There is an "optimal length" for every path you can have between the two endpoints you have to discover and respect if you want better performance.

If you use UDP, things are a bit worst: since there is no MTU negotiation and recovery, if a too long packet gets discarded along the way (because at a certain point it will no more fit a physical media, and the ISP is not going to fragment, to protect himself and other clients) you have to take care, and reduce its size, otherwise you will never be able to transfer it.

Feel free to retain the ISP is "unfair" to you, but consider that an excess of fragmentation activity can sit a router at the point no other transmission is possible from nowhere to no-one. And this is a damage higher than simply drop you flow.

OTHER TIPS

I think you're probably talking about the metric from the routing tables. If so, it's just a number that reflects the 'cost' to the next hop, most probably in terms of latency, but it isn't a direct measurement in milliseconds. It's nothing a programmer needs to be concerned with.

Okay with reguard's to optimizing updates with respect to Maximum Transmision Unit Size (MTU) you are going to want to stuff as many bits into a packet as possible to minimize number of packets sent accross the line. It should be noted that if your master machine (one which gets updates first) updates slowly you may decide to not wait for enough data to completely to reach MTU but to rather update the slave machine (machine your backing data up on). So as an example your logic may look something like this (in pseudo code)

while(keep_updating){

    if(new_data_size == (MTU - x)){  //really approximately equal to but smaller then the MTU 
      send_update_packet();

     }else if(count_time > max_wait_time){ // this will have to deal with min latency 
                                           // discussed below
         send_update_packet();
     }
   count_time++;  
}

Now the above examples is very dumb downed if this is something that your actuallly writing I assume it will be at the kernel level (not necessarily but nonetheless) this will more then likely be a single thread while the rest of you service is doing other thing's in each thread.

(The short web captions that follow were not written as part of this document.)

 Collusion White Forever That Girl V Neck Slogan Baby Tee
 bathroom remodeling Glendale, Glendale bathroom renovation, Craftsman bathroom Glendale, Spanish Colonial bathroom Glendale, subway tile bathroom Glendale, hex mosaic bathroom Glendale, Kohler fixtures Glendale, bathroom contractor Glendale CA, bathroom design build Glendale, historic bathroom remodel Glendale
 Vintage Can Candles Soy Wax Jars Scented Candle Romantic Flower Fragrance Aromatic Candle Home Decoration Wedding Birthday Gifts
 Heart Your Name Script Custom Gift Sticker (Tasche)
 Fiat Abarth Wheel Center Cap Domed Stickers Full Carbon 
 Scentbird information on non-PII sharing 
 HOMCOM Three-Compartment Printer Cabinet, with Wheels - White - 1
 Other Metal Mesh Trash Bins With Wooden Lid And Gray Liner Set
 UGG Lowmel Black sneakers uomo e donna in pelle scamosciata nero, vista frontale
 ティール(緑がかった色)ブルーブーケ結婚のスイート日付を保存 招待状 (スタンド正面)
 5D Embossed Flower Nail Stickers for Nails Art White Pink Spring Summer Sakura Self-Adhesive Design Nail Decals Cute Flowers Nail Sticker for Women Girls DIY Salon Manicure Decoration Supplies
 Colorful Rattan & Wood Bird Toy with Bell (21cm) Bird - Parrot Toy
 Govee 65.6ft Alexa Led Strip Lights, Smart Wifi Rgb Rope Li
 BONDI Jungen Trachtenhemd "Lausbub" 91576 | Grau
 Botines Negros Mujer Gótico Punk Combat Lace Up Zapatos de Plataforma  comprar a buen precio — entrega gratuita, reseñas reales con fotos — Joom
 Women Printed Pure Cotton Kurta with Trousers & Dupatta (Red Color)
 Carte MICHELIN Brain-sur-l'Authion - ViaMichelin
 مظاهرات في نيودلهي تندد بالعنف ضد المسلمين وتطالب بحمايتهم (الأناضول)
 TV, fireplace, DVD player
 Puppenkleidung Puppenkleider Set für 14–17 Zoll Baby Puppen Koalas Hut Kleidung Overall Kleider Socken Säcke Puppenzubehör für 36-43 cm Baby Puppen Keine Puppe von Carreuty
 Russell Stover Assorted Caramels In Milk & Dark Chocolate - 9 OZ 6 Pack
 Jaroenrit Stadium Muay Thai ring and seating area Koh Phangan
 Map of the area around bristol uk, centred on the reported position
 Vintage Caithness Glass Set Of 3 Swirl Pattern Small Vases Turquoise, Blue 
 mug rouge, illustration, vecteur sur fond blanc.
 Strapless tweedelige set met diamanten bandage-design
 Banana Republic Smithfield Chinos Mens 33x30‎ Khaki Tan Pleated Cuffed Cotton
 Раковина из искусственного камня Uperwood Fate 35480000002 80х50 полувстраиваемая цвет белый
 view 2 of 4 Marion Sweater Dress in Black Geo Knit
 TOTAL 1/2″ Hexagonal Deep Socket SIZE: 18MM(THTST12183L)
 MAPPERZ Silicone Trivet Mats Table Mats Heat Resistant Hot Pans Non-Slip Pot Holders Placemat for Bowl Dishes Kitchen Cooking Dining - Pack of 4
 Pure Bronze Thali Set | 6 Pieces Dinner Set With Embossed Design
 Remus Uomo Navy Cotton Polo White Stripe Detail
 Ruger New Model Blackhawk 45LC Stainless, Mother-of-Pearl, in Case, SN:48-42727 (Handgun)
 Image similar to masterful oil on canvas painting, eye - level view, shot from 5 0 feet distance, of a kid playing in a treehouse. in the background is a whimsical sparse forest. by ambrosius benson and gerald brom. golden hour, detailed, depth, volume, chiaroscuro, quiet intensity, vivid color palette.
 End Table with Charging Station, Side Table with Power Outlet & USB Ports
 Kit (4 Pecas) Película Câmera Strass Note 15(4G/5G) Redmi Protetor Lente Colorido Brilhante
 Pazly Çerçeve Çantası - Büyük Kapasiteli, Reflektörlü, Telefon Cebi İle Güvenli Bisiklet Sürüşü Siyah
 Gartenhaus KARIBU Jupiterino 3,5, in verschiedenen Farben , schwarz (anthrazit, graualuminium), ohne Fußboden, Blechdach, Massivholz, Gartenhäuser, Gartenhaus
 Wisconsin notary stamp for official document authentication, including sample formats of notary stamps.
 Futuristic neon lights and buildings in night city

Now In terms of latency or lag time this is more specifically addressed as network delay something in a p2p situation you most likely don't have control of as it requires specific service agreement's with an ISP. However the sum of these parts will give an approximation of latency in general terms. ie. the time it takes from send_update_packet(); until the slave machine receives the packet and your hook in the kernel/OS where you actual record the new updates. Anyway's these will be the delay that are of interest to you

 Processing delay - time routers take to process the packet header
 Queuing delay - time the packet spends in routing queues
 Transmission delay - time it takes to push the packet's bits onto the link
 Propagation delay - time for a signal to reach its destination

... now as to which protocol you should choose again very dependent if you plan for the two machines to be talking all the time tcp may be your best it will prevent you from atleast ensuring that packet's are not lost (a luxury UDP handles at protocol's higher in the stack). If you expect updates to be more spread apart you will want to avoid TCP simply because of the TCP handshake process of opening a connection which will require 3x(the sum of delay's mentioned above) where as udp will allow you to send the packet's write away and then wait for a response on the same socket ensuring the packet was received correctly if you don't get a responce within time x retry.

As per the answer @EJP provided most of the time programers do not need to worry about this but at some level there are people worrying about this specifically in the cases of disaster management for Database server's and area like this where it is crucial that the DB's are as close to insync at all time's ... non the less that's my two sense after writing some kernel code last year that handle that specific problem Hope it helps!